HOW TO COMPLETE THIS TASK
Below is a listing; print exactly its lines from the one containing "9857e84c00211470f17fc3db64e4b965 - 7" down to the one containing "Greek riot police on Lesbos", both inclusive, with every picture left out.

RECORDS FOR THE TASK
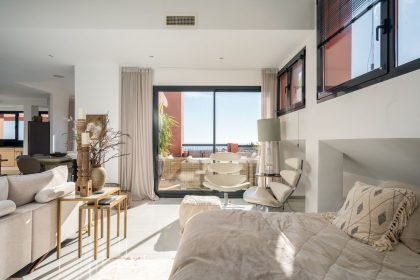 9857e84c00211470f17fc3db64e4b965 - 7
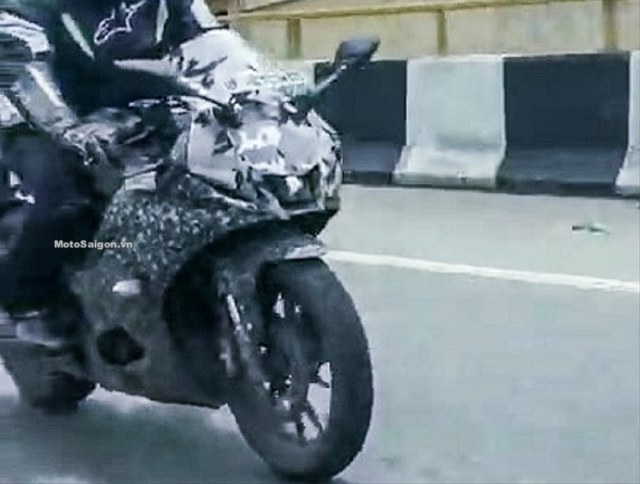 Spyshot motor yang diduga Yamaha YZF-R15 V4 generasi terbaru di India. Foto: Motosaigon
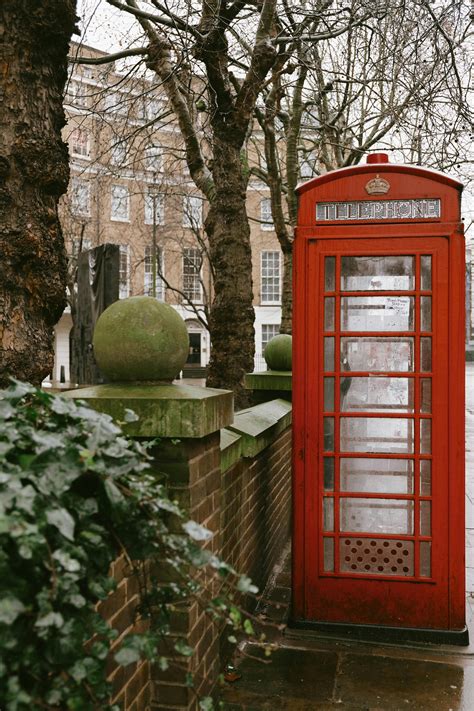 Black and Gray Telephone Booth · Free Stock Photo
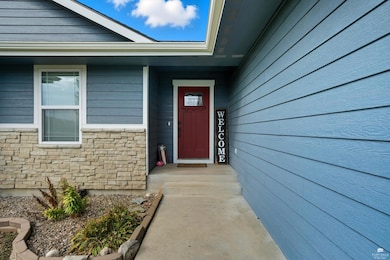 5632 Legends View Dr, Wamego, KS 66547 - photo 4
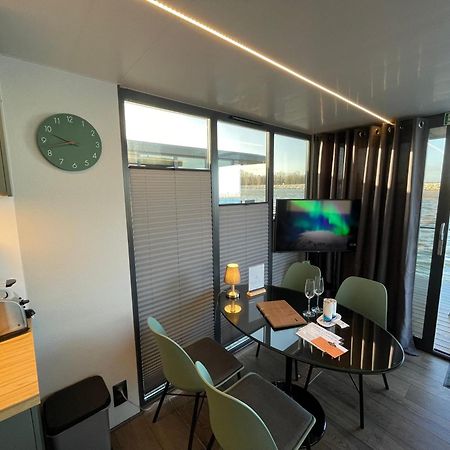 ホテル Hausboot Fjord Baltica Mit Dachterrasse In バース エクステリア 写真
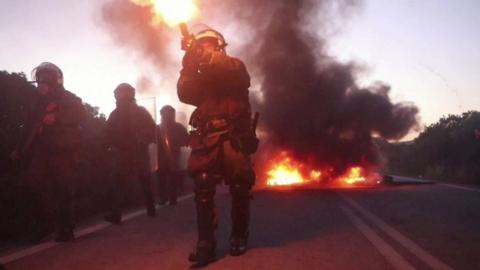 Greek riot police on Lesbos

==

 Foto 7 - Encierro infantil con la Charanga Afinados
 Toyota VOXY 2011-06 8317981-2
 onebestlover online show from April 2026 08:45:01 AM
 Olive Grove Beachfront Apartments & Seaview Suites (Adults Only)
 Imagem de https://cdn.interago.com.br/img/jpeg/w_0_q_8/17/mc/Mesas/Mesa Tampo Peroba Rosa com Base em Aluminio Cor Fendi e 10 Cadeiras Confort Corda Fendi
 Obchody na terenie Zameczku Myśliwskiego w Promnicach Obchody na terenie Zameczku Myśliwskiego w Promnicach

...

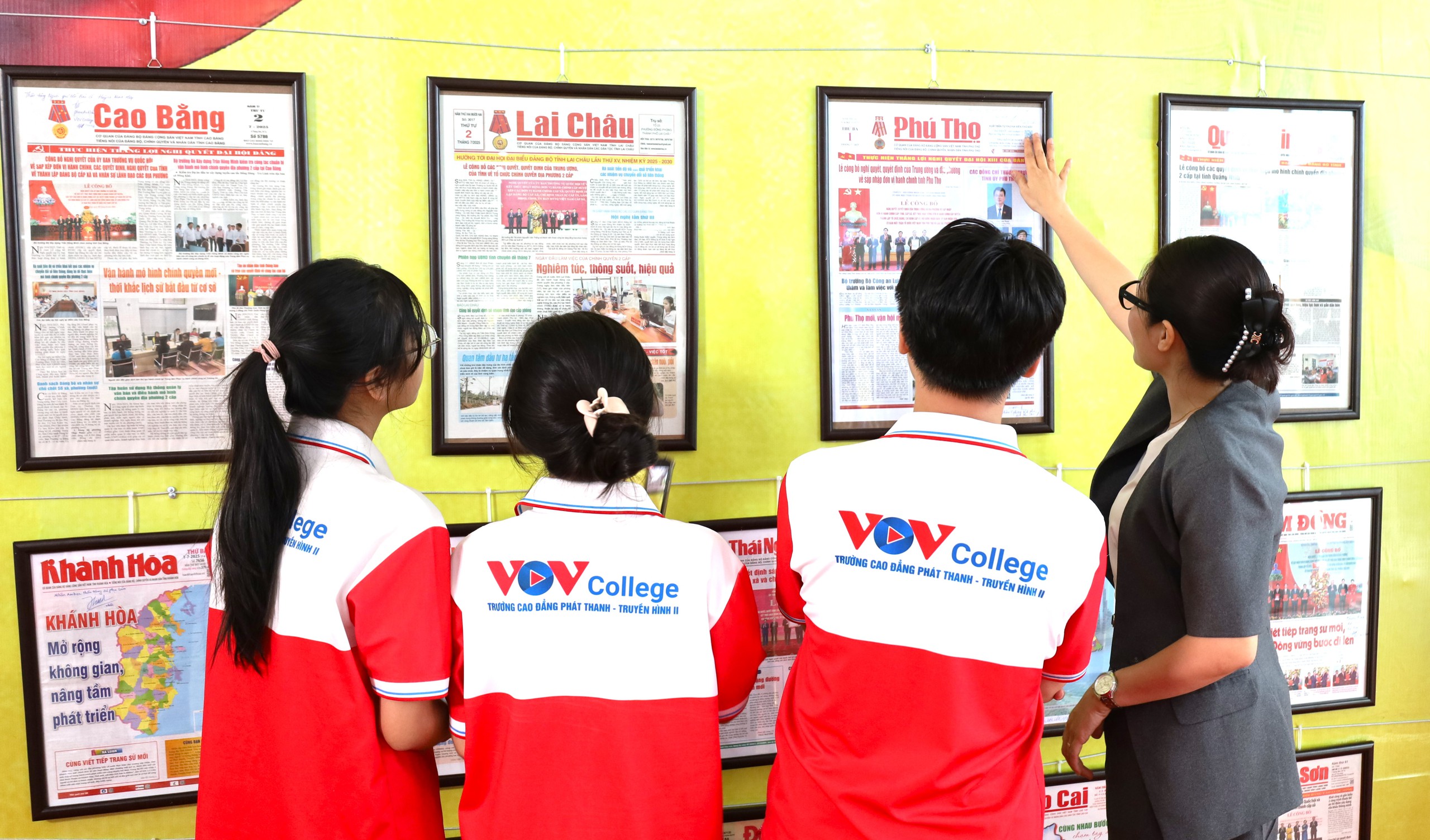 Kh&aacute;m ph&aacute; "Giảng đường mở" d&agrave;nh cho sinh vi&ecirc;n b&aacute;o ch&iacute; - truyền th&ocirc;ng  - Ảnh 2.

REPLY
 9857e84c00211470f17fc3db64e4b965 - 7
 Spyshot motor yang diduga Yamaha YZF-R15 V4 generasi terbaru di India. Foto: Motosaigon
 Black and Gray Telephone Booth · Free Stock Photo
 5632 Legends View Dr, Wamego, KS 66547 - photo 4
 ホテル Hausboot Fjord Baltica Mit Dachterrasse In バース エクステリア 写真
 Greek riot police on Lesbos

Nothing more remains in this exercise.